NEW YORK (AP) — Terrence McNally, one of America’s great playwrights whose prolific career included winning Tony Awards for the plays “Love! Valour! Compassion!” and “Master Class” and the musicals “Ragtime” and “Kiss of the Spider Woman,” has died of complications from the coronavirus. He was 81.

McNally died Tuesday at Sarasota Memorial Hospital in Sarasota, Florida, according to representative Matt Polk. McNally was a lung cancer survivor who lived with chronic inflammatory lung disease.
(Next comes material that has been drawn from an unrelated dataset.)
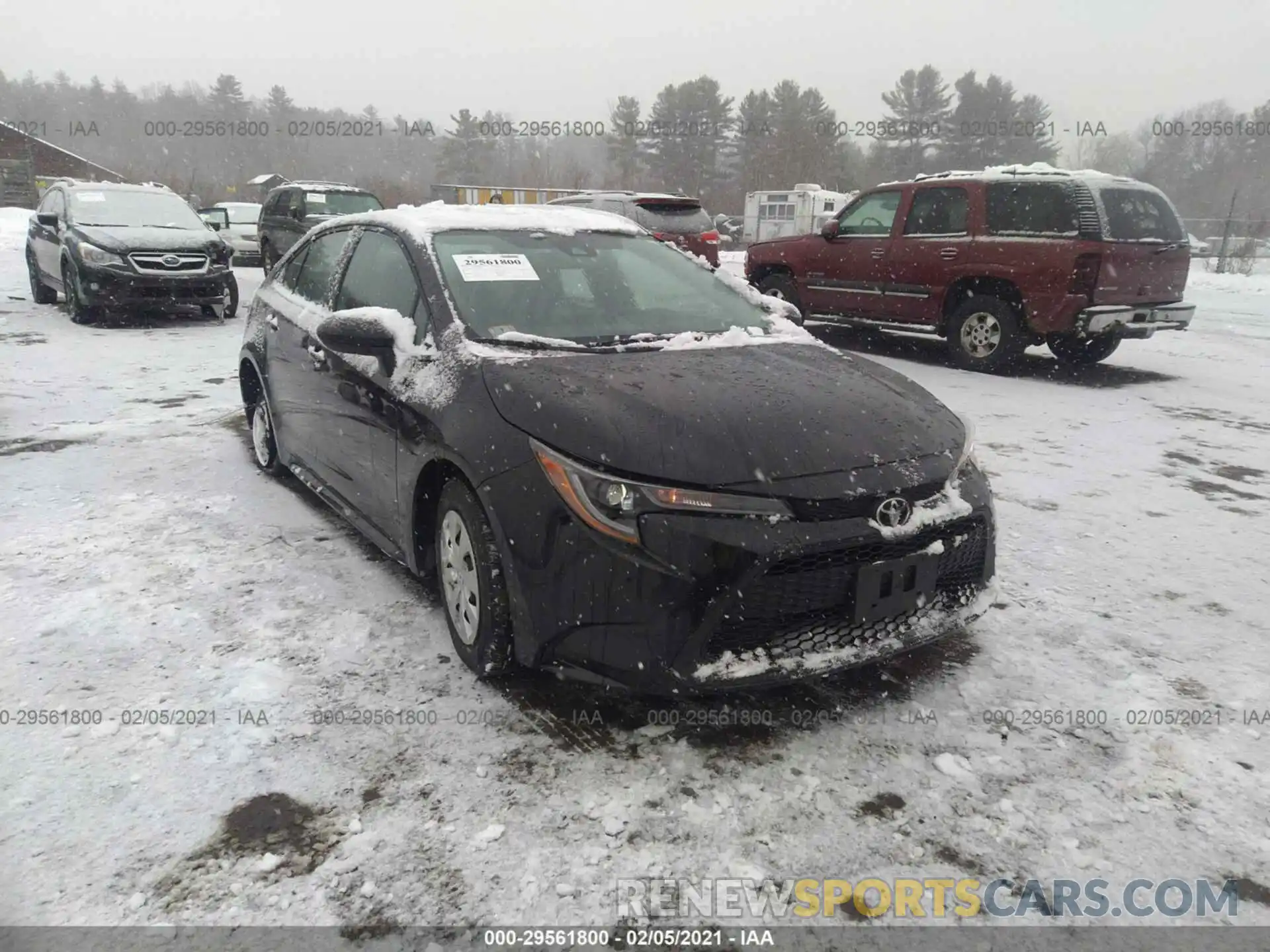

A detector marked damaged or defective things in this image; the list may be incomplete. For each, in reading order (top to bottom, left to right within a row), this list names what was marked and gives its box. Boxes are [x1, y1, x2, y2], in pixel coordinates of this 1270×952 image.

damaged vehicle [238, 202, 995, 693] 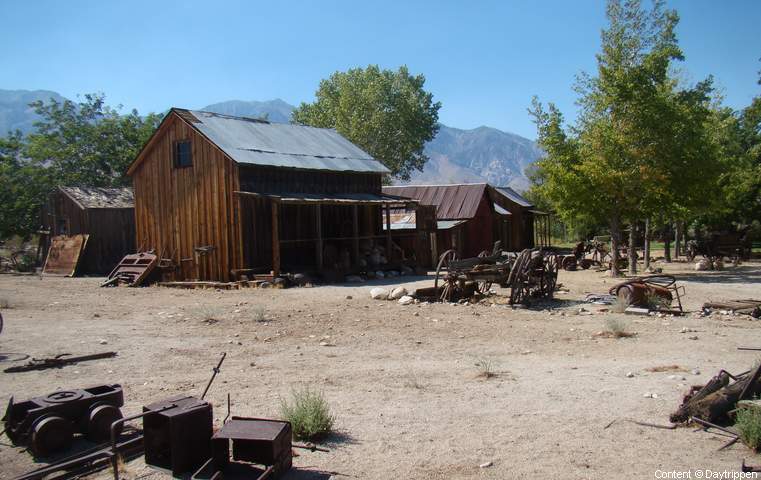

His plays and musicals explored how people connect — or fail to. With wit and thoughtfulness, he tackled the strains in families, war, and relationships and probed the spark and costs of creativity. He was an openly gay writer who wrote about homophobia, love and AIDS.

“I like to work with people who are a lot more talented and smarter than me, who make fewer mistakes than I do, and who can call me out when I do something lazy,” he told LA Stage Times in 2013. “A lot of people stop learning in life, and that’s their tragedy.”

McNally’s “Lips Together, Teeth Apart,” about two married couples who spend a weekend on Fire Island, was a landmark play about AIDS. His play “The Ritz” became one of the first plays with unapologetic gay characters to reach a mainstream audience.